RECORDED INFORMATION ▸
········
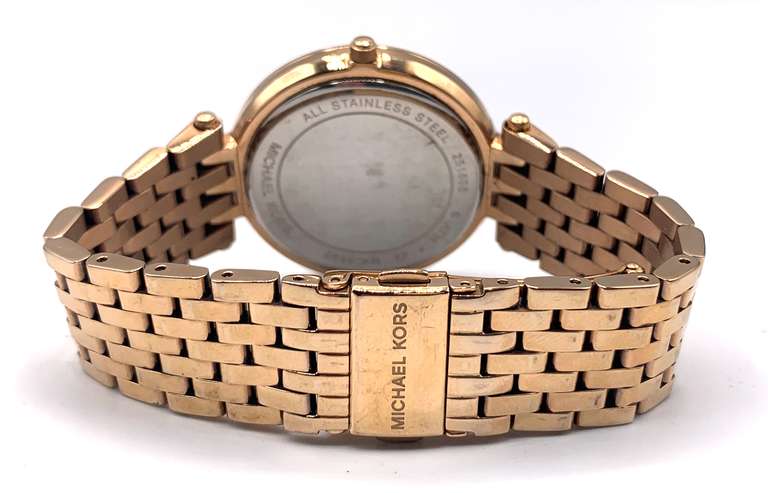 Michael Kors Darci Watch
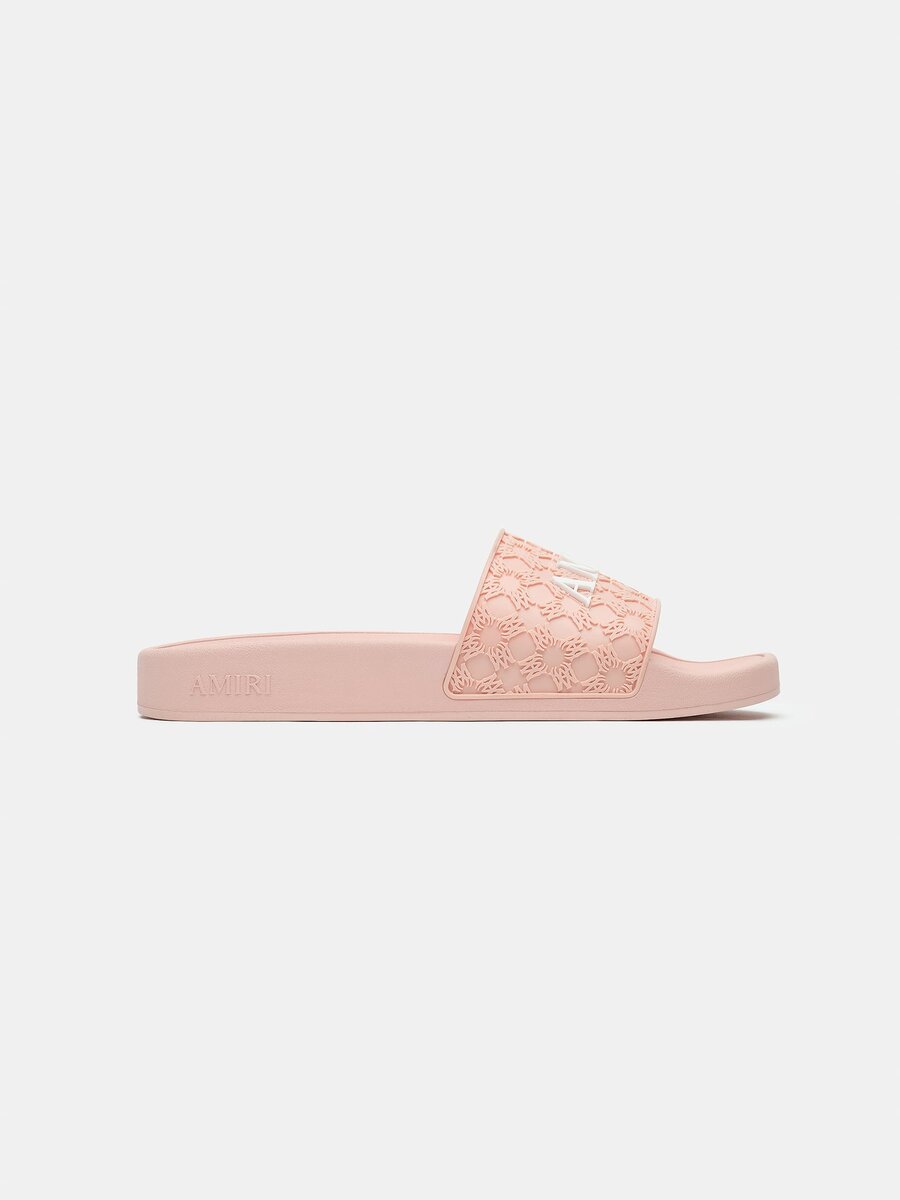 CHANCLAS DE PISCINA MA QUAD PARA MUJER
········
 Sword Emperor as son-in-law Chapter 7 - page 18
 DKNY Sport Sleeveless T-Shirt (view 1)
········
REQUIREMENT ▸ Would you please reproduce the entries above, starting at the line with "Michael Kors Darci Watch" and stopping after the line with "CHANCLAS DE PISCINA MA QUAD PARA MUJER"? Omit any pictures.

EXERCISE ANSWER ▸
 Michael Kors Darci Watch
 CHANCLAS DE PISCINA MA QUAD PARA MUJER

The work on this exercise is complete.